**Instructions for the task**
Using the material below, return exactly the lines between the one holding "Thinly sliced prosciutto" and the one holding "Toddler Baby Sequin", inclusive, and no others.

**Input data**
= = = =

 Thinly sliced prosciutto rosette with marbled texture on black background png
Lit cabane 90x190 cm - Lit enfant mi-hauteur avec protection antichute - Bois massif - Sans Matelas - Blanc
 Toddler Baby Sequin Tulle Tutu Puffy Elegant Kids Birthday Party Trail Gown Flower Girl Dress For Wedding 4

= = = =

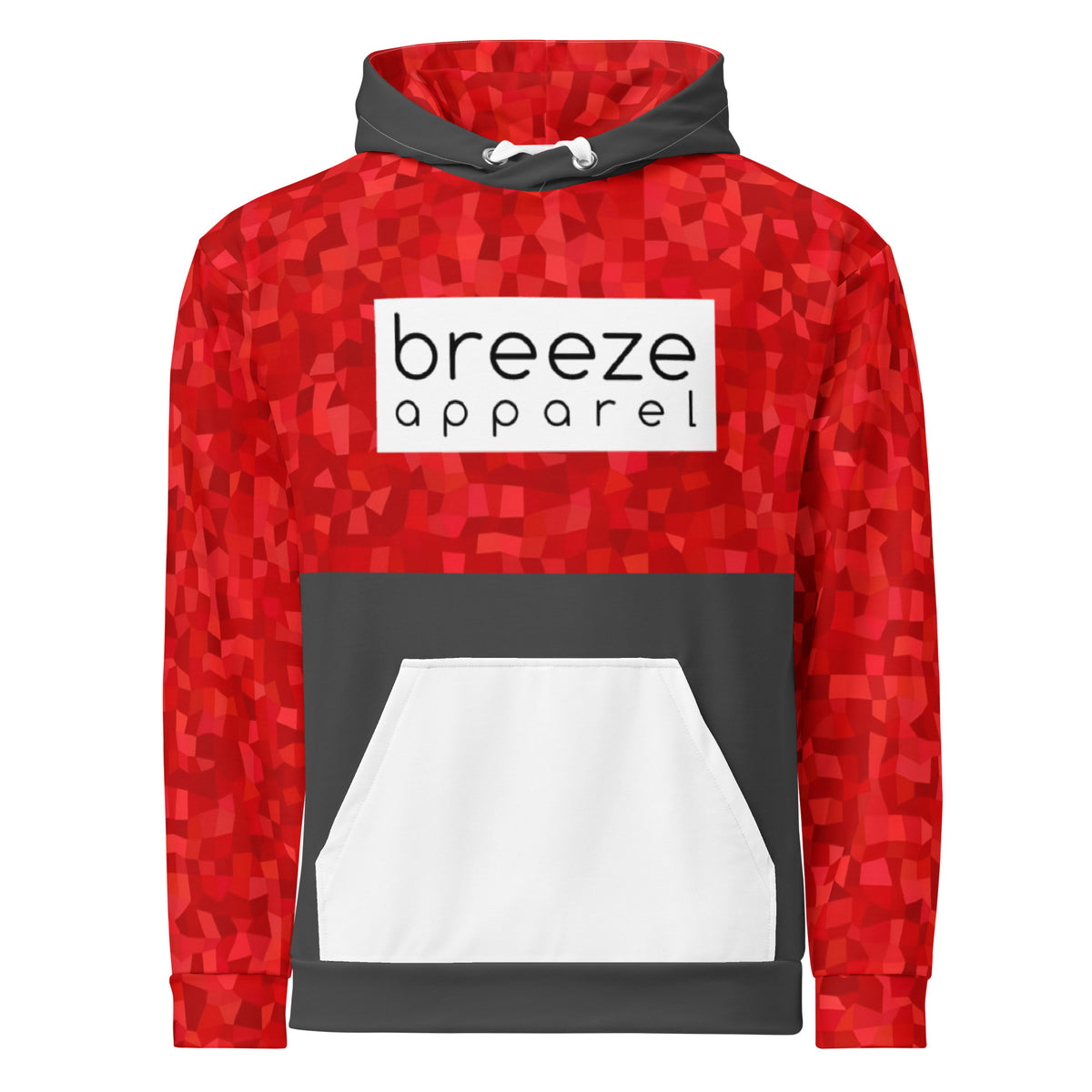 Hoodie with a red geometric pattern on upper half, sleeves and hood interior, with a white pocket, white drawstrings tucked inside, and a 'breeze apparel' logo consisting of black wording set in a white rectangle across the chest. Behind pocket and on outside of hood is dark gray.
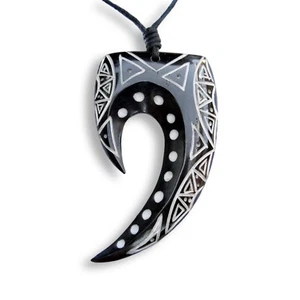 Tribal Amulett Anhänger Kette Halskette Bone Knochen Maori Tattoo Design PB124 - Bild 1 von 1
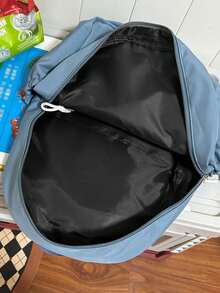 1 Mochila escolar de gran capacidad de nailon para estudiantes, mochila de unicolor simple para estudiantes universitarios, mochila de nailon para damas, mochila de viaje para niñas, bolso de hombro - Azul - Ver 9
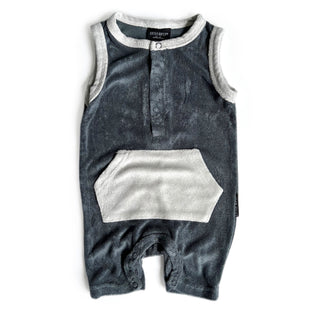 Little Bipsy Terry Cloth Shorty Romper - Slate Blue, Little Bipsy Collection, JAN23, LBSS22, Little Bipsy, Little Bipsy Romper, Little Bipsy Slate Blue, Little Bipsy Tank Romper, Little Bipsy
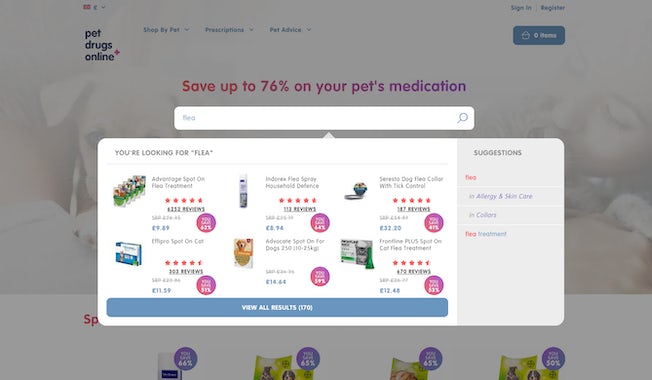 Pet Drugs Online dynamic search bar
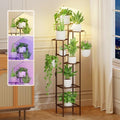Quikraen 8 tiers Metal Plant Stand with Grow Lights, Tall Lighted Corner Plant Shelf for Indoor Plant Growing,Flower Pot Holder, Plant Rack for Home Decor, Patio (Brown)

= = = =

**Task answer**
 Thinly sliced prosciutto rosette with marbled texture on black background png
Lit cabane 90x190 cm - Lit enfant mi-hauteur avec protection antichute - Bois massif - Sans Matelas - Blanc
 Toddler Baby Sequin Tulle Tutu Puffy Elegant Kids Birthday Party Trail Gown Flower Girl Dress For Wedding 4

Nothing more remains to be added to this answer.